Credit: Submitted photo—

50 Years Ago

■Miss Alice Flynn, a fourth grade teacher at the Maple Street School in Easthampton, was recently honored by the Easthampton Teachers Association at the spring banquet. Miss Flynn is retiring in June after 41 years in the teaching profession.

■A four-step plan to make the Central Business District more accessible to traffic and pedestrians, and provide additional parking, entailing new north and south service roads, was outlined to the Northampton Planning Board last night. About 30 were in attendance at the high school’s little theater.

25 Years Ago

■Adults Only video and magazine store owner Robert Kraefft is boldly advertising his latest plan — to have topless clerks, male and female.

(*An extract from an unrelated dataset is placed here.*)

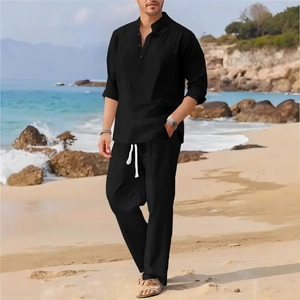 Men's black linen beach set with long sleeve henley shirt and drawstring pants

If he is able to obtain the necessary permit, his Route 9 store in Hadley will feature “topless employees that will assist customers in finding certain magazines and movies.”

■A group of tenants in Thornes Marketplace has made an offer to buy the popular downtown shopping center from its owners and founders. “The details are obviously confidential,” said Paul Sustick, co-owner of Paul & Elizabeth’s restaurant, one of about 10 Thornes tenants who have been involved in negotiations since December.

10 Years Ago

■Six 65-foot freight cars carrying steel billets derailed Tuesday afternoon in Amherst, tearing up the tracks and blocking Station Road. Splintered railroad ties, twisted rails and large chunks of pavement surrounded the derailed freight cars late Tuesday afternoon.

■Clarke Schools for Hearing and Speech has put the majority of its campus on the market — valued at an estimated $16 million — as it moves ahead with a long-planned consolidation. Among the properties for sale are a half-dozen historic school buildings, a gymnasium and support facilities on 11.7 acres on both sides of picturesque Round Hill Road.